══ Listed records
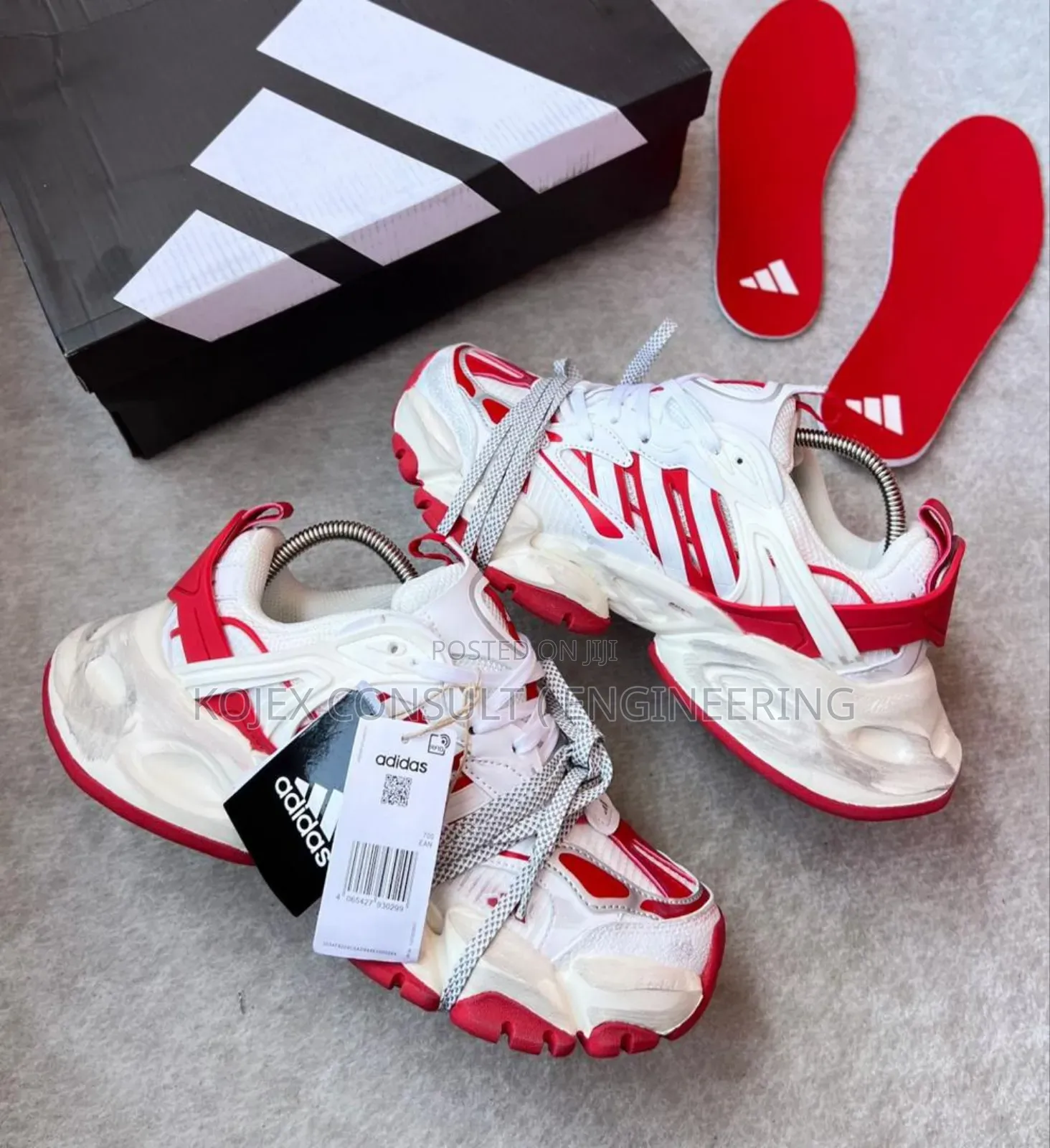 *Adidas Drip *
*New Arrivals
════
══ Listed records
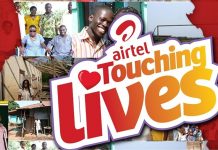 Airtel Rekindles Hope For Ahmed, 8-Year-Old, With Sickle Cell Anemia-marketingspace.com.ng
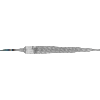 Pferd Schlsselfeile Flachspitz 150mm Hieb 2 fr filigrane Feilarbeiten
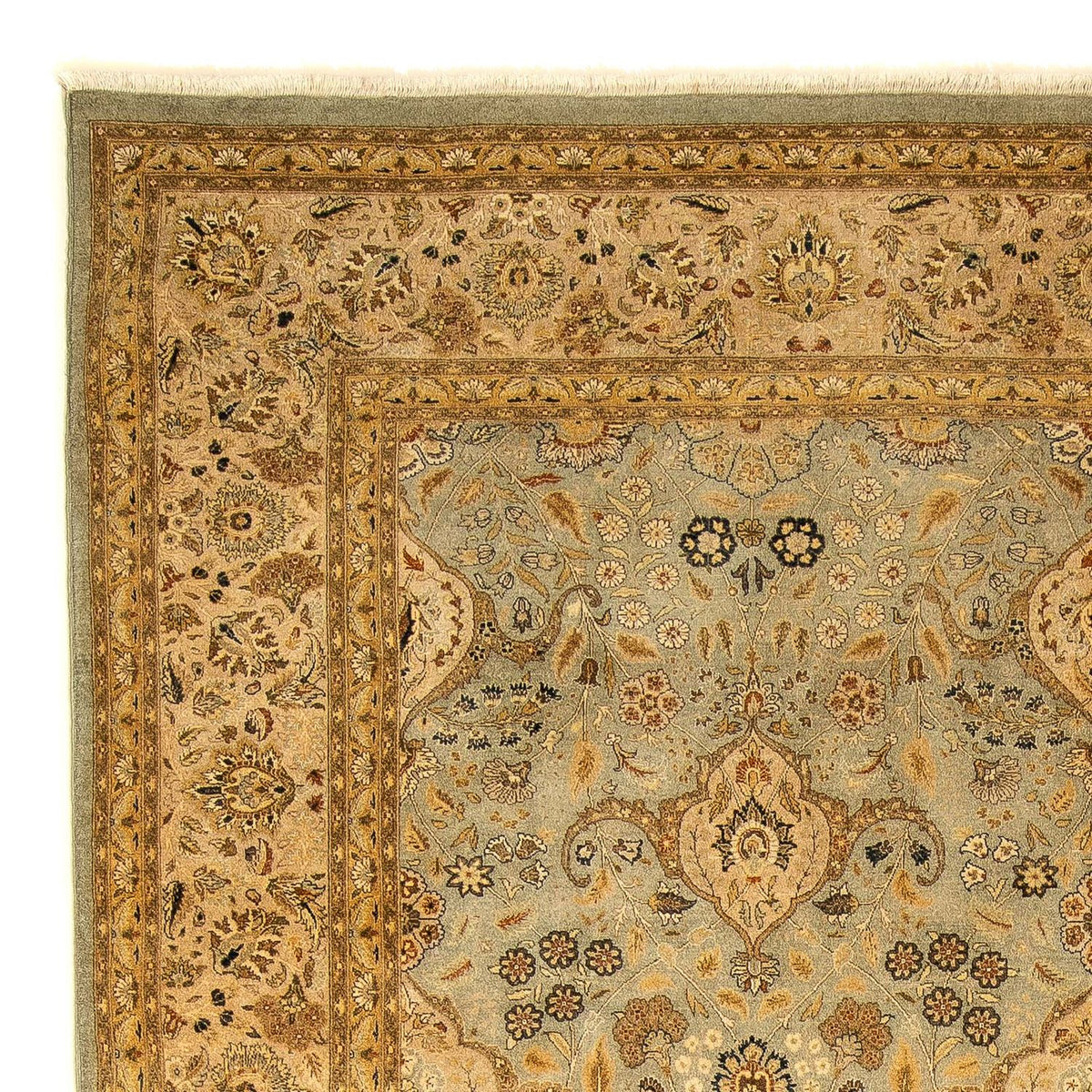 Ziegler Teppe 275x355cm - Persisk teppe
════
══ Listed records
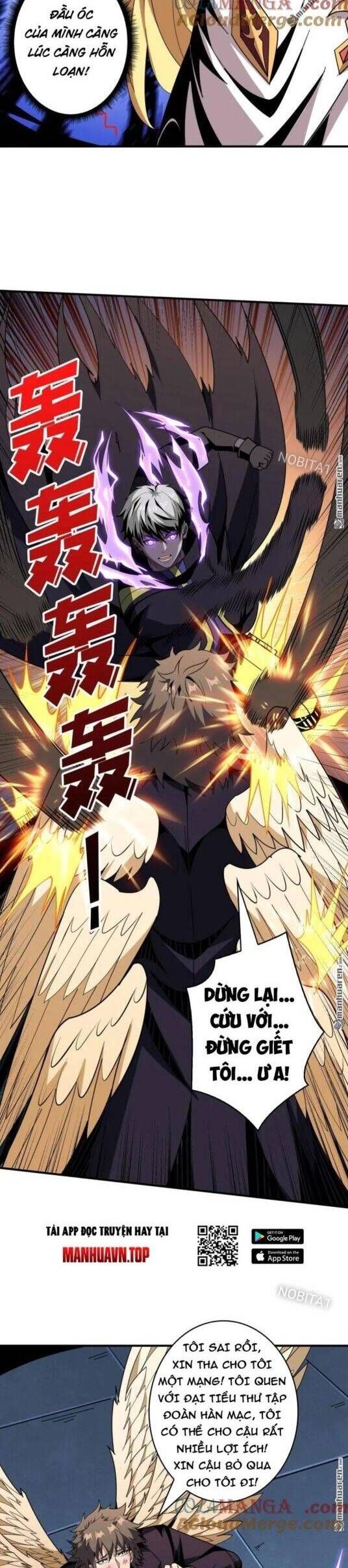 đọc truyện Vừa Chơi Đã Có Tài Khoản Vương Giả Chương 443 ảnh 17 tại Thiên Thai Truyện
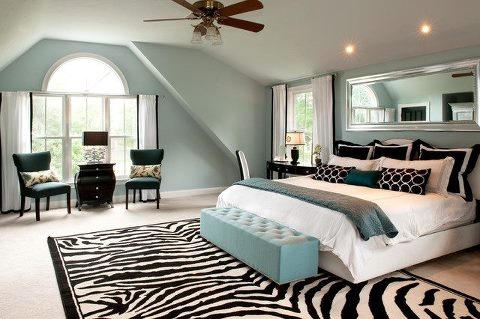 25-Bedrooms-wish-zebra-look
════
What the task asks: Repeat only the stretch of data above that runs from the line with "Airtel Rekindles Hope" to the line with "Ziegler Teppe 275x355cm - Persisk teppe". Keep both end lines; exclude pictures.

Answer for this exercise:
 Airtel Rekindles Hope For Ahmed, 8-Year-Old, With Sickle Cell Anemia-marketingspace.com.ng
 Pferd Schlsselfeile Flachspitz 150mm Hieb 2 fr filigrane Feilarbeiten
 Ziegler Teppe 275x355cm - Persisk teppe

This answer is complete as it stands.